Since the list can contain a variable number of friends, we want to output all of the data in the friends tag as a single cell and then use a follow-on Convert Tabular XML node to produce a new record for each friend.Our first Tabular XML node would have the following property values:


RecordXPath:        /people/person
FieldNameXPath:     /people/person/*
FieldNameFunction:  local-name()
FieldValueXPath:    /people/person/*[not(*)]/text()|/people/person/*[*]|/people/person/*[not(node())]
FieldValueFunction: <blank>

This first node would produce the following output:


name	friends
Rocco	<friends>			
			<friend>
				<name>Nicola</name>			
			</friend>			
			<friend>				
				<name>Michelle</name>			
			</friend>			
			<friend>				
				<name>Akshu</name>			
			</friend>		
		</friends>
Marty	<friends>			
			<friend>				
				<name>Sam</name>			
			</friend>			
			<friend>				
				<name>Ryan</name>			
			</friend>		
		</friends>

Our second node would then have the following configuration:


Data:              friends
RecordXPath:       /friends/friend
FieldNameXPath:    <intentionally blank>FieldNameFunction: "Friend"
FieldValueXPath:   /friends/friend/name/text()
PassThroughFields: Unused

This node will produce the following output:


name	friend
Rocco	Nicola
Rocco	Michelle
Rocco	Akshu
Marty	Sam
Marty	Ryan

You'll notice that we left the FieldNameXPath blank and put a string in the FieldNameFunction. We do this since using the local name of /friends/friend/name would conflict with the name field in our input data. There is a more generalized example of how to avoid name collisions in the FieldNameFunction node help.

Properties

File

Click the folder icon and browse to the XML file that you want to import.

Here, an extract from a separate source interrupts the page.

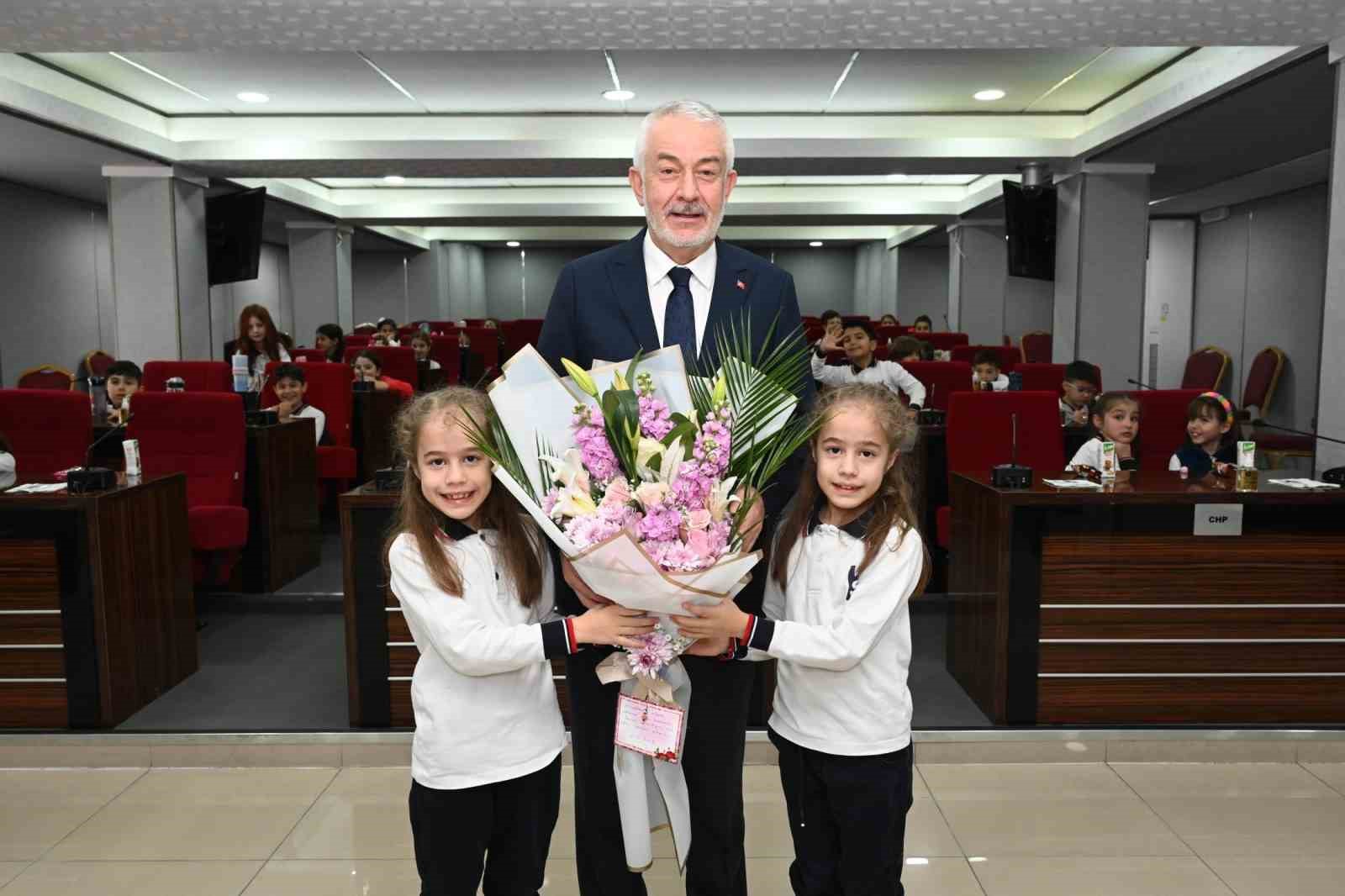 Belediye meclisinde minik misafirler yerel yönetimi yerinde öğrendi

Choose the (from Field) variant of this property to look up values from an input field with the name specified, opening each filename found in turn. A value is required for this property.

Note: If you are using the server edition and wish to use a file on your local machine, you must first upload it to the Data360 Analyze server. See Upload data files for more details.

RecordXPath

Specify an XPath expression that identifies where records are stored in the XML file. The node creates a new output record when the RecordXPath opening tag is found. When the closing tag is found, this node outputs all the data it has read from this XML file. This XPath is case sensitive.

A value is required for this property.

FieldNameXPath

Optionally specify an absolute XPath expression that identifies the names of the fields to be output. In nearly all cases, this property should have a value that is located underneath RecordXPath. This XPath is case-sensitive.

If this property is blank, then FieldNameXPath will be given the value of FieldValueXPath if it is filled in. Otherwise, FieldNameXPath is set to the value of RecordXPath.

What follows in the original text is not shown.